Corkum Joseph P, Butler Kate, Zhong Toni
Institute of Health Policy, Management and Evaluation (IHPME), University of Toronto, Toronto, Ontario, Canada.
Division of Plastic and Reconstructive Surgery, Dalhousie University, Halifax, Nova Scotia, Canada.
Plast Reconstr Surg Glob Open. 2020 Feb 27;8(2):e2636. doi: 10.1097/GOX.0000000000002636. eCollection 2020 Feb.
Distress among newly diagnosed patients with breast cancer is common and may have an impact on their surgical decision-making. The revised Edmonton Symptom Assessment System (ESAS-r) is a validated instrument that provides an estimate of patients' total distress, and no previous study has related preoperative scores to the choice to have breast reconstruction.
Women with breast cancer treated at the Princess Margaret Cancer Centre in 2014 were reviewed, and patient and tumor characteristics were collected from local databases. Breast reconstruction status was obtained from patients' electronic medical records until April 2017. A multivariable logistic regression model assessed for an independent association between preoperative ESAS-r total distress scores and patients' decision to have breast reconstruction.

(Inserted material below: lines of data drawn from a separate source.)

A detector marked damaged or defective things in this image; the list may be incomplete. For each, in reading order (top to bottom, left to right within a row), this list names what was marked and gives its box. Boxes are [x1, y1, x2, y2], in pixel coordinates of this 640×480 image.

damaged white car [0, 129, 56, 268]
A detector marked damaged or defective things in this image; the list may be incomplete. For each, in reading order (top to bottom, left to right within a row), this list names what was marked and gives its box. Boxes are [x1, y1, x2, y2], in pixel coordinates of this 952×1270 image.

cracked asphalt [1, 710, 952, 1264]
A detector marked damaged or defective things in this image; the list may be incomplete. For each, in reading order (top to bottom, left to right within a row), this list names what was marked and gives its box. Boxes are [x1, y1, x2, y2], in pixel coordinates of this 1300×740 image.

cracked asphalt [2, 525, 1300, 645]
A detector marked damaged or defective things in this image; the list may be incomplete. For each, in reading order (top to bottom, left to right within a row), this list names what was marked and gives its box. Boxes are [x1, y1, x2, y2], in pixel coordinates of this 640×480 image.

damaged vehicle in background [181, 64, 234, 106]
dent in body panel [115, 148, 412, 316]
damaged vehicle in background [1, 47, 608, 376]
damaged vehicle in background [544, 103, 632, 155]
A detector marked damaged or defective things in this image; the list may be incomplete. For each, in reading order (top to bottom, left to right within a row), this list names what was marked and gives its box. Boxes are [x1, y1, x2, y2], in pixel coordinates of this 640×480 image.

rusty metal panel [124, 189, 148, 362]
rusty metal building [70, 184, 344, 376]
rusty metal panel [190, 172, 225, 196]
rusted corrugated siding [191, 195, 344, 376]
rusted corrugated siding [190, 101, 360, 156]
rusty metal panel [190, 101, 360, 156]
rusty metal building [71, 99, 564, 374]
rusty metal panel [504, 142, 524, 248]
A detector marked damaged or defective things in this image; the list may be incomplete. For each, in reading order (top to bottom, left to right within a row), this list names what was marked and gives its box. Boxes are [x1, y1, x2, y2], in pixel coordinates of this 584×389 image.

A total of 312 patients were analyzed. ESAS-r values had an overall median score of 10.0 and ranged from 0 to 69 (interquartile range, 17). Of these patients, 82 chose to undergo breast reconstruction surgery (26.8%). Multivariable logistic regression analysis showed that higher ESAS-r scores were associated with patients forgoing breast reconstruction surgery (lumpectomy-alone group: odds ratio estimate, 1.034 [1.004-1.064], = 0.025; mastectomy-alone group: odds ratio estimate, 1.031 [1.004-1.059], = 0.023).
This study of patients with breast cancer found that higher distress scores as measured by the ESAS-r were associated with reduced breast reconstruction. Distress in patients with breast cancer is important to address, as it is often treatable, and its resolution may unmask a desire for breast reconstruction, which has known benefits psychosocially.
新诊断乳腺癌患者的痛苦很常见,可能会影响其手术决策。修订后的埃德蒙顿症状评估系统(ESAS-r)是一种经过验证的工具,可用于评估患者的总体痛苦程度,此前尚无研究将术前评分与乳房重建的选择联系起来。
回顾了2014年在玛格丽特公主癌症中心接受治疗的乳腺癌女性患者,并从本地数据库收集了患者和肿瘤特征。直到2017年4月,从患者的电子病历中获取乳房重建状态。采用多变量逻辑回归模型评估术前ESAS-r总体痛苦评分与患者进行乳房重建决策之间的独立关联。
共分析了312例患者。ESAS-r值的总体中位数为10.0,范围为0至69(四分位间距为17)。在这些患者中,82例选择接受乳房重建手术(26.8%)。多变量逻辑回归分析显示,ESAS-r评分越高,患者放弃乳房重建手术的可能性越大(单纯乳房肿块切除术组:比值比估计值为1.034[1.004-1.064],P=0.025;单纯乳房切除术组:比值比估计值为1.031[1.004-1.059],P=0.023)。
这项对乳腺癌患者的研究发现,ESAS-r测量的较高痛苦评分与乳房重建减少有关。乳腺癌患者的痛苦很重要,因为它通常是可以治疗的,解决痛苦可能会揭示患者对乳房重建的渴望,而乳房重建在心理社会方面有已知的益处。